→ EXERCISE AIM
Look below for the line that contains "1360 W Kay Street, Bolivar, MO 65613" and the line that contains "Кровавый соблазн. NYX", then restate both of them and every line in between, exactly. No picture goes in the copy.

***** DATA TO PROCESS *****

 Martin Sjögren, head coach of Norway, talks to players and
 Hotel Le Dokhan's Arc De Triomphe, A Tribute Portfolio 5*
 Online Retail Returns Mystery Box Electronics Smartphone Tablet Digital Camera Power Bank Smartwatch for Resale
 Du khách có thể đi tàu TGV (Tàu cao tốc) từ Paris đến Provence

*****
***** DATA TO PROCESS *****

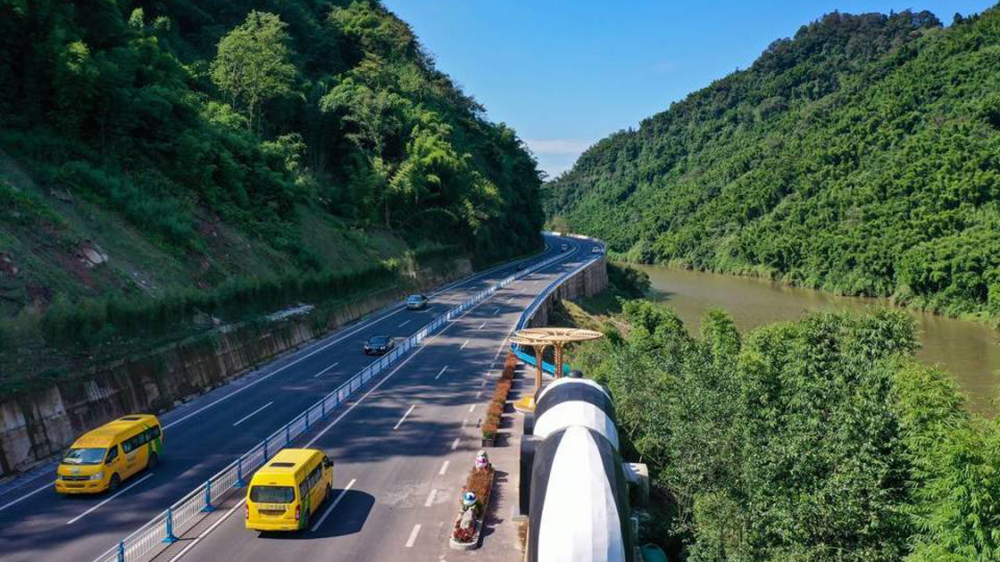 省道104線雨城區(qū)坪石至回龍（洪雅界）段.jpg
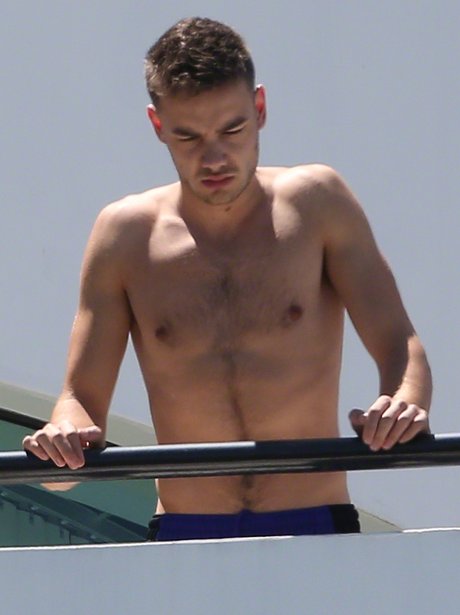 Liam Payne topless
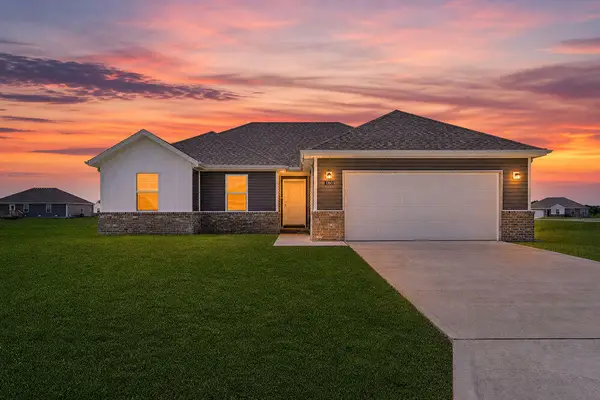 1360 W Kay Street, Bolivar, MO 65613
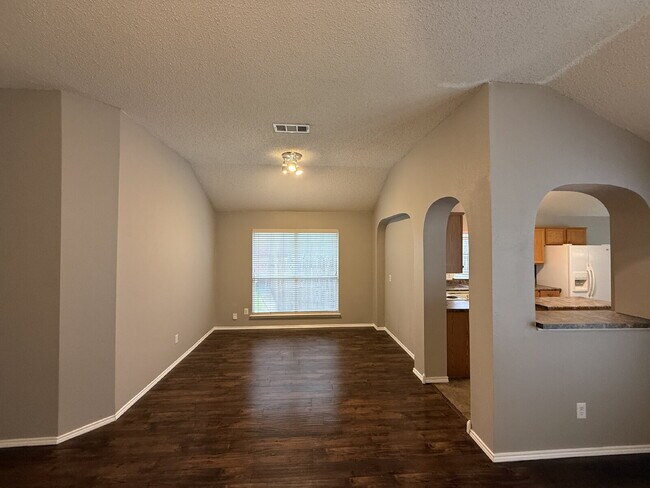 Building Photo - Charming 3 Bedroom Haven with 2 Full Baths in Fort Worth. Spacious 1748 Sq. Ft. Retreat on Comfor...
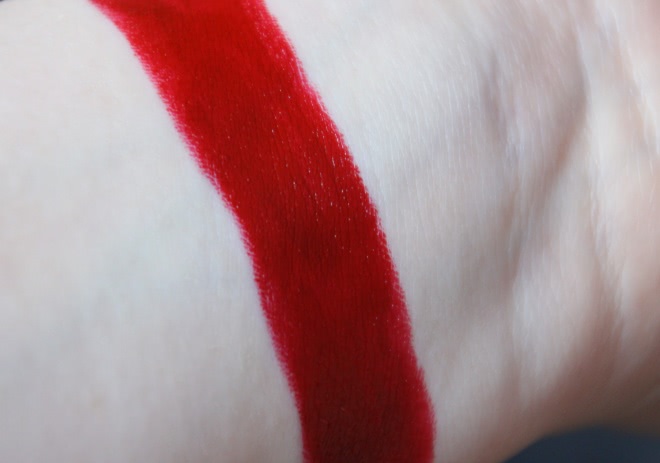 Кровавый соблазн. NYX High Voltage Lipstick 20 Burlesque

*****

→ YOUR RESPONSE
 1360 W Kay Street, Bolivar, MO 65613
 Building Photo - Charming 3 Bedroom Haven with 2 Full Baths in Fort Worth. Spacious 1748 Sq. Ft. Retreat on Comfor...
 Кровавый соблазн. NYX High Voltage Lipstick 20 Burlesque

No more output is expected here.